Datastage: How to keep continuous mode job running after a unexpected termination

774 views Asked by At

I have a job that uses the Kafka Connector Stage in order to read a Kafka queue and then load into the database. That job runs in Continuous Mode, which it has no time to conclude, since it keeps monitoring the Kafka queue in real time. enter image description here

For unexpected reasons (say, server issues, job issues etc) that job may terminate with failure. In general, that happens after 300 running hours of that job. So, in order to keep the job alive I have to manually look to the job status and then to do a Reset and Run, in order to keep the job running.

The problem is that between the job termination and my manual Reset and Run can pass several hours, which is critical. So I'm looking for a way to eliminate the manual interaction and to reduce that gap by automating the job invocation.

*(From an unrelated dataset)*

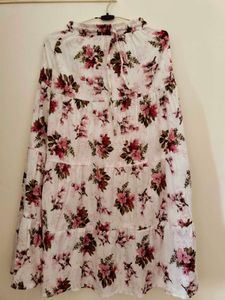 Flowy Floral & Black Tiered Maxi skirt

I tried to use Control-M to daily run the job, but with no success: The first day the Control-M called the job, it ran it fine. But in the next day, when the Control-M did an attempt to instantiate the job again it failed (since it was already running). Besides, the Datastage will never tell back Control-M that a job was successfully concluded, since the job's nature won't allow that.

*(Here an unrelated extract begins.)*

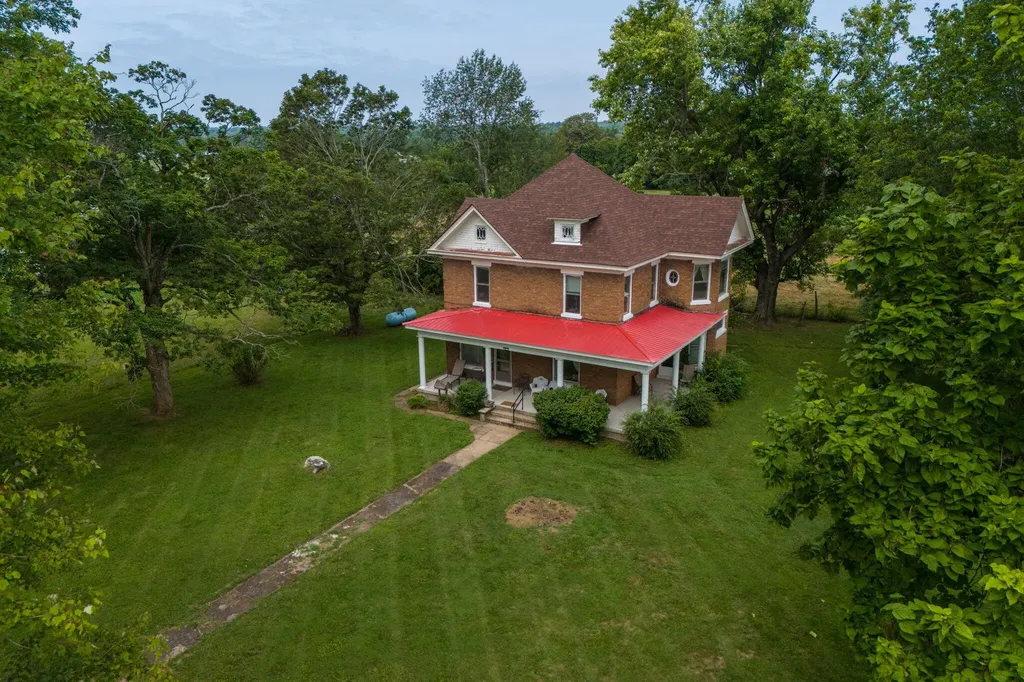 3475 Frankfort Ford Road Wilmore KY 40390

Said that, I would like to hear ideas from you that can light me up.

The first thing that came in mind is to create a intermediate Sequence and then schedule it in Control-M. Then, this new Sequence would call the continuous job asynchronously by using command line stage.

1

There are 1 answers

0
Brian Meier On

For the case where just this one job terminates unexpectedly and you want it to be restarted as soon as possible, have you considered calling this job from a sequence? The sequence could be setup to loop running this job.

Thus sequence starts job and waits for it to finish. When job finishes, the sequence will then loop and start the job again. You could have added conditions on job exit (for example, if the job aborted, then based on that job end status, you could reset the job before re-running it.

This would not handle the condition where the DataStage engine itself was shut down (such as for maintenance or possibly an error) in which case all jobs end including your new sequence. The same also applies for a server reboot or other situations where someone may have inadvertently stopped your sequence. For those cases (such as DataStage engine stop) your team would need to have process in place for jobs/sequences that need to be started up following a DataStage or System outage.

For the outage scenario, you could create a monitor script (regardless of whether running the job solo or from sequence) that sleeps/loops on 5-10 minute intervals and then checks the status of your job using dsjob command, and if not running can start that job/sequence (also via dsjob command). You can decide whether that script startup would occur at DataSTage startup, machine startup, or run it from Control M or other scheduler.